What My Dogs Talk About in the Mud Room

We are fortunate to have a good-sized mud room. It’s large enough to hold coats, hats, gloves, three bicycles, two cabinets (one w/ toys/sporting equipment and one with paper), a printing press (long story), and a small table. There’s also room for two wet and/or muddy dogs to hang out and dry off. I think I’ve finally figured out what the dogs talk about when they’re hanging out in the mud room. Just to give you a visual:

This is Junojuno

 

 

 

 

 

And this is Masonsnowy mason

 

 

 

 

 

 

 

Mason: Why do we have to stay out here?

Juno: You have to stay out here because you’re a slob who can’t stay out of puddles. I’m being punished simply because we’re the same species.

Mason: Do you think she’ll give us a treat?

Juno: Perhaps. If you don’t chew on anybody’s boots.

Mason: Mmm.. boots. They smell like our people.

Juno: Get That Out Of Your Mouth.

Mason: I love our people.

Juno: Me too. It’s awfully quiet in there. I hope she’s okay.

Mason: Maybe she’ll give us a treat when we come in.

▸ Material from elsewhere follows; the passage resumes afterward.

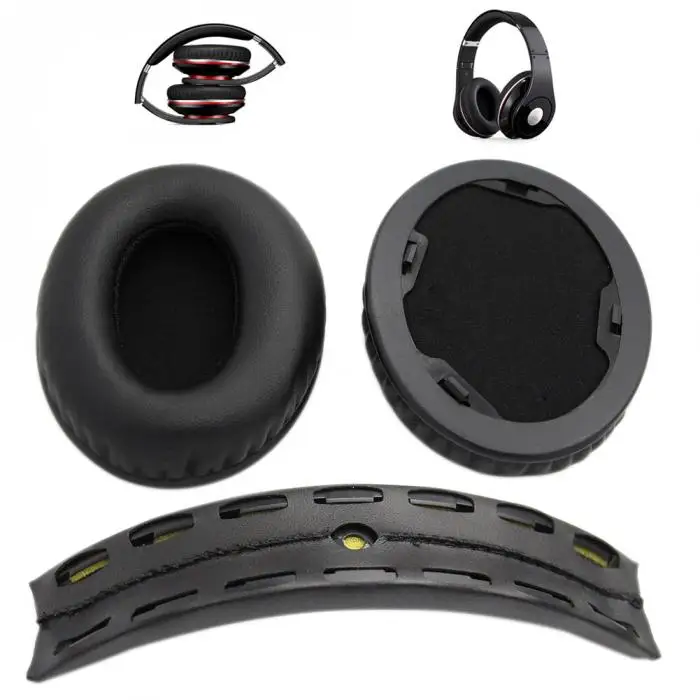 HTB109cFedHO8KJjSZFHq6zWJFXa6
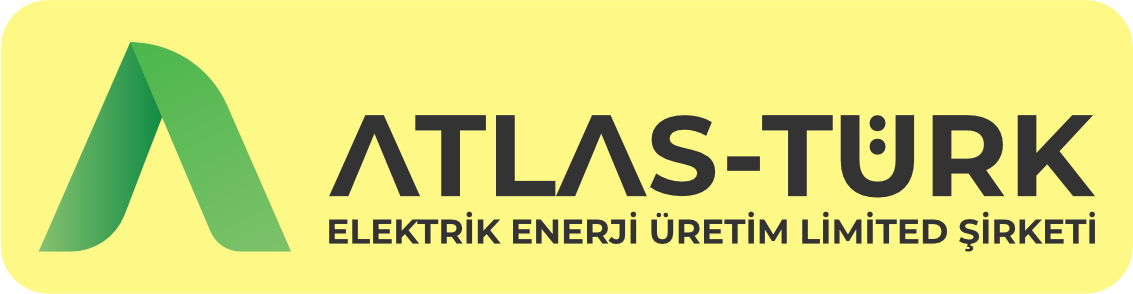 atlas-turk-logo-2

Juno: Not if you don’t get that out of your mouth. Have some dignity.

Mason: I really love things that smell like our people.

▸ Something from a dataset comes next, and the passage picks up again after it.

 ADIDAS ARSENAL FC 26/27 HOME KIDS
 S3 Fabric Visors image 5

Juno: What’s that noise? It sounds like somebody’s screaming. Is she okay?

Mason: I think that’s the tea kettle. The whistle hurts my ears.

Juno: If I were in there, I could help her. I could herd that motherfucking tea kettle into next week if she’d only let me.

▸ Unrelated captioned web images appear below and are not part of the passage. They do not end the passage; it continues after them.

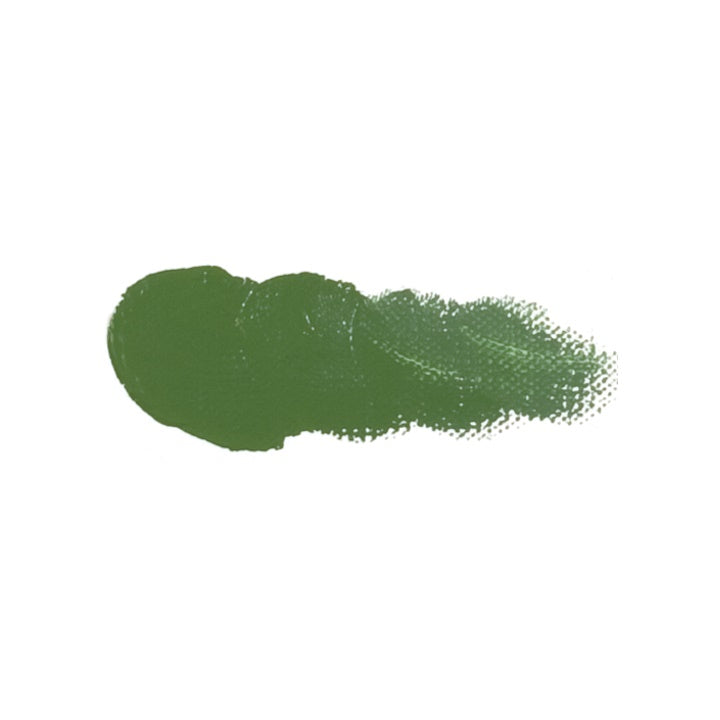 Olajfesték Vernet - Holbein 20 ml – 036 Oxide of Chromium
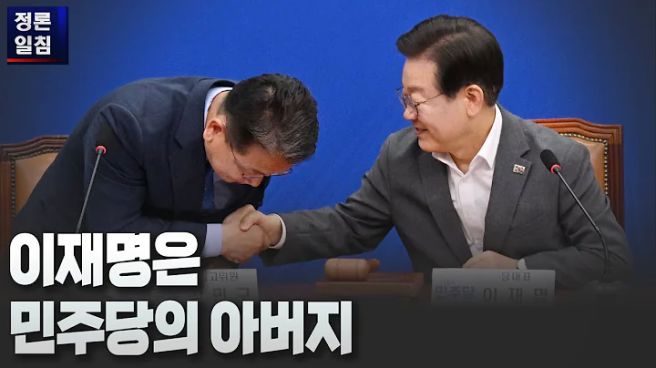 뷰어 이미지
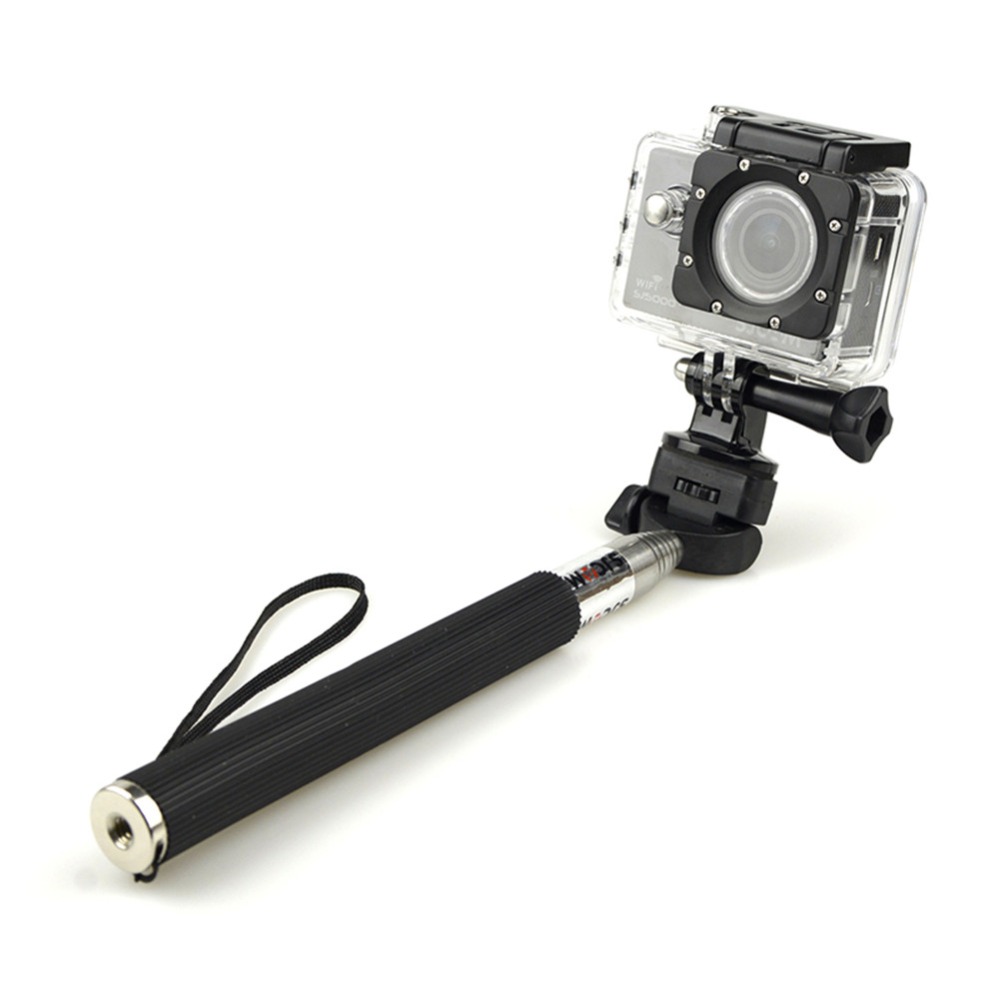 SJCAM Selfie Stick for M10 SJ4000 SJ5000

Mason: Have they ever given us tea? I’m pretty sure I’d like it.

Juno: Would you be quiet? I’m trying to listen. Dammit, how can I keep an eye on the house when I’m stuck in here with you?

Mason: Sorry.

Juno: And stop that incessant licking.

[The door opens.]

Me: Okay puppies, I think you’re dry. Come on.

Juno: Oh thank Dog.

Mason: Do you think she’s gonna give us a treat?